In a recent paper, my fellow Max Planck Institute for Informatics researchers and I presented yodns, a tool that collects extensive DNS data from all zones and nameservers that are potentially involved in the resolution of a name at scale. We have used this to collect data from 812M domain names and assess how certain optimizations affect data completeness and measurement results.

In this post, I want to highlight the challenges we faced during DNS data collection and discuss some of the tradeoff decisions that DNS measurement practitioners regularly have to make. Finally, we’ll also examine some instances where our collected data has proven to be useful.

Background

DNS is organized into a hierarchy of zones, with different nameservers (NSs) being responsible for different zones. To resolve a name, resolvers need to find a path through this hierarchy by sending a sequence of queries to different nameservers. However, because every zone must have multiple nameservers (RFC 1034) (that, again, can have multiple IP addresses), there is no single way to resolve a name.

In a perfect world, all of these potential resolutions would lead us to the same (or at least ‘correct’) result. But in reality, this is surprisingly often not the case, for example, when the nameservers of a zone are out-of-sync with one another or with their parent zone’s servers (delegation inconsistency). Intentional uses exist, for example, for A/AAAA records, where perceived inconsistency can be caused by load balancing mechanisms.

Many misconfigurations can cause problems, even if they only appear on a single resolution path. A single, misbehaving name server may leak private keys in TXT records, send clients off to stale or malicious IPs, or even make zones susceptible to hijacking attacks. Moreover, when not all resolution paths are affected, these issues may appear only for subsets of clients, making them hard to find and fix. But how prevalent are such issues? In order to find an answer, we need to collect extensive data, covering all potentially involved nameservers and zones.

Collecting all resolutions— how hard can it be?

The minimal case: Five queries

Let’s use an example to show how the complexity of the DNS protocol affects the number of queries needed to capture all potential resolutions of a name. For starters, we’ll try to resolve the A record of example.com. (the actual domain). This can be achieved with just five queries:

1. NS    com.              @a.root-servers.net.
2. NS    example.com       @a.gtld-servers.net.
3. NS    net.              @a.root-servers.net.
4. NS    iana-servers.net. @a.gtld-servers.net.
5. A     example.com       @a.iana-servers.net.

First, we ask a root server (in this case, a-root) for a referral to the .com zone.
Conveniently, it will not only tell us that a.gtld-servers.com is authoritative for com, but also include its IP address(es) in the response in the so-called glue records.

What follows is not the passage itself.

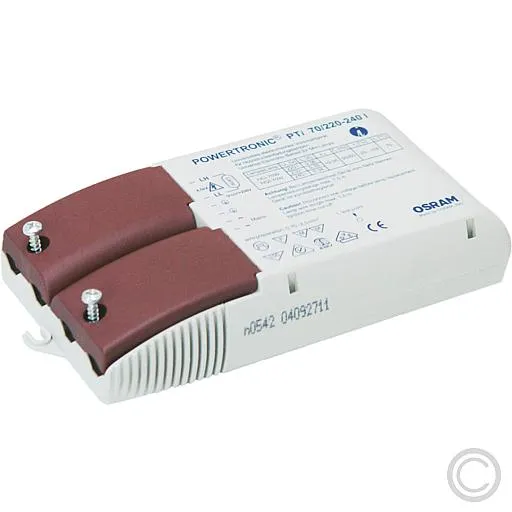OSRAM EVG für HQI/HCI PTi70W/220-240I 99501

Next, we ask for a referral to example.com, but this time the response will not contain glue, so we will have to resolve the IP of a.iana-servers.net ourselves. You may have noticed that we do not ask for the A record of a.iana-servers.net. That is not needed here, as we can take it from the glue in the fourth response.

Of course, the number of queries used by an actual resolver may be larger and will depend on various factors, including the software, the settings, and which name server the software decides to use.

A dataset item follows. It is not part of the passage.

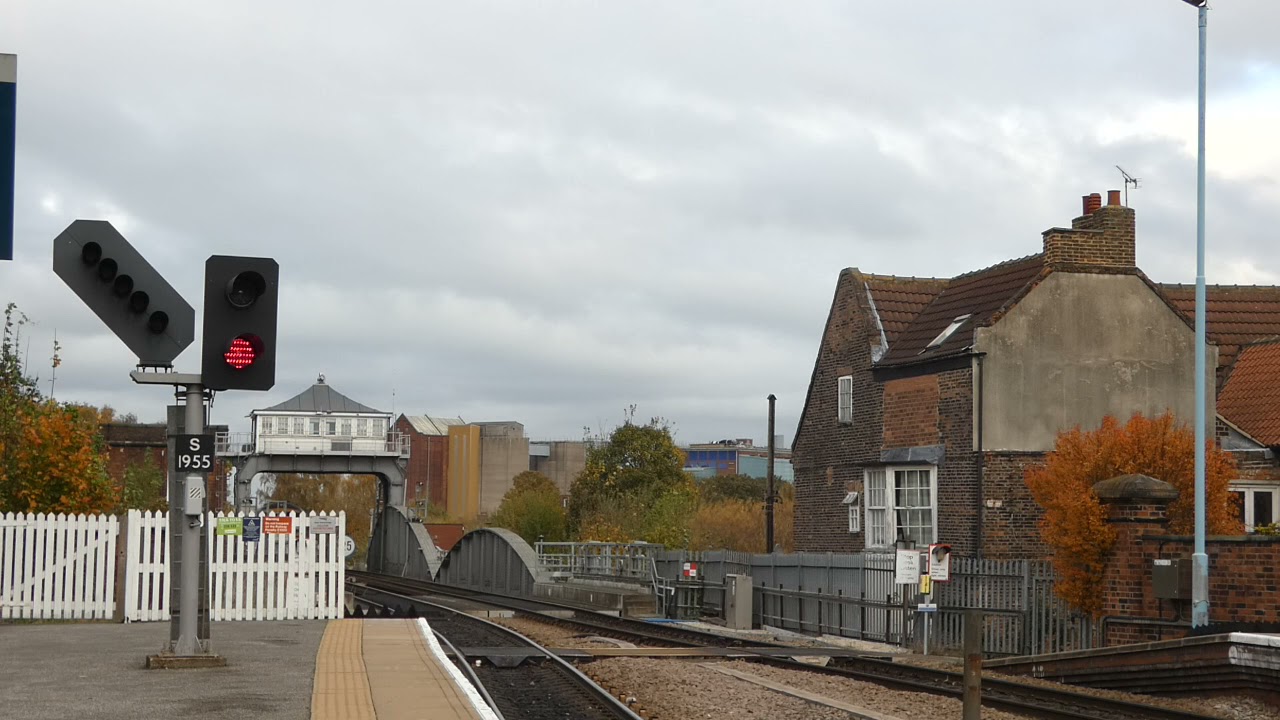 A Visit to Selby 13 11 21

All cases: At least 1,988 queries?

Figure 1 — DNS dependencies for example.com, including all zones (round) and NSs (square) potentially involved during resolution. The zones and NSs involved in our minimal five-query example are highlighted in red.
Figure 1 — DNS dependencies for example.com, including all zones (round) and NSs (square) potentially involved during resolution. The zones and NSs involved in our minimal five-query example are highlighted in red.

Now, we have seen the minimal resolution for example.com. But for our study, we wanted to have all possible resolutions.  Figure 1 shows what happens if we visualize all nameservers and zones that can potentially be involved in the resolution of example.com.  We see that the space of possible resolutions is an order of magnitude larger than the minimal resolution (red). In order to obtain a complete, or rather, a more complete, picture, we need to resolve this entire graph. But how many queries would that take?

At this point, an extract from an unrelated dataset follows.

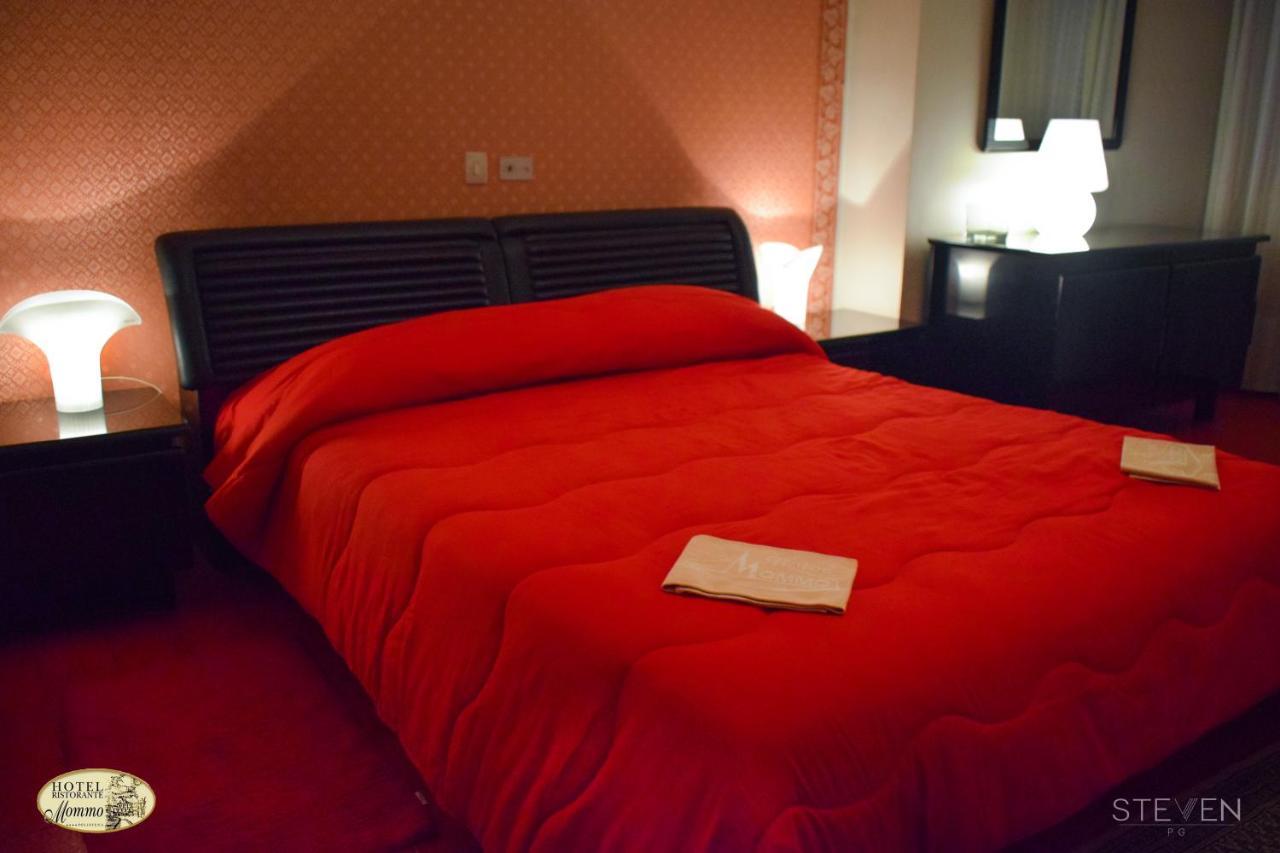 Hotel Ristorante Mommo Polistena Екстер'єр фото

We can calculate the minimum number of queries for the full resolution of example.com as follows:

  1. For all zones, ask all authoritative NSs for the zones’ NS records.
  2. For all zones, ask all of their parents’ authoritative NSs for referrals to the zone.
  3. For all NS names, ask all NS authoritative for them for the A/AAAA records.

For example, the zone icann-servers.net has four authoritative NSs with eight IP addresses in total. Thus, we need to ask for NS icann-servers.net eight times. We need to ask for a referral to icann-servers.net at all 26 nameserver addresses of the net-zone. Finally, there are three NS names in the zone, namely {a,b,c}.icann-servers.net. Asking the four authoritative NSs (eight IP addresses) for six records (3xA and 3xAAAA) requires 48 queries. Summing the queries like this for each zone from Figure 1 leaves us with 1,988 queries, almost 400 times more than the minimal resolution we have seen before.

But wait, there’s more…

Unfortunately, it does not stop there. DNS has many parameters, and for a truly exhaustive study, we’d need to explore them all, resulting in a combinatorial explosion of the query volume. Because such a measurement is neither feasible nor ethical, we have to employ optimizations. Let’s quickly outline the most important parameters and how we handled them in our measurement.

IP version

With the increase of IPv6 deployment, the number of IPv6-related resource records in DNS has increased, and IPv6-only resolution is feasible for many domains. Our measurement is full dual-stack, in order to reason about IPv4-only, IPv6-only, as well as dual-stack resolution.

Transport

Authoritative nameservers must support queries over TCP.  We use TCP as a fallback if the response does not fit in the announced EDNS-buffer size. This is necessary, as not using TCP may lead to considerable biases, especially in conjunction with DNSSEC, which increases response size.

DNSSEC

Requesting DNSSEC records (setting DO=1) can drastically change response sizes and lead to response truncation. Since we want these records for our study, we request DNSSEC by default. However, we retry queries without EDNS0 on FormErr responses.

QNAME minimization

QNAME minimization is a privacy-preserving way of sending queries. For us, it allows discovering zone cuts, even when parent and child zones are hosted on the same server. However, it has been shown that nameservers may respond inconsistently to minimized queries vs when the FQDN is included.

Vantage points

DNS responses differ by vantage point, for example, due to load balancing or anycast.  To capture the influence of a client’s location, we’d need to repeat the data collection from different vantage points. But because the query volume scales linearly with the number of vantage points, it would quickly render our measurement infeasible. Therefore, we use a single vantage point in Germany. Consequently, we cannot quantify the influence of geographical location.

Implementation challenges

Having selected a set of parameters for our study design, the next step is to actually collect the data for 812M domains, which we obtain from zone files, certificate transparency logs, top lists and open data efforts. But even with the chosen optimizations, this data collection effort requires us to send ~90B queries in a way that does not put an undue burden on other people’s infrastructure. In the remainder of this post, I want to discuss the engineering challenges that come with this and how we managed them.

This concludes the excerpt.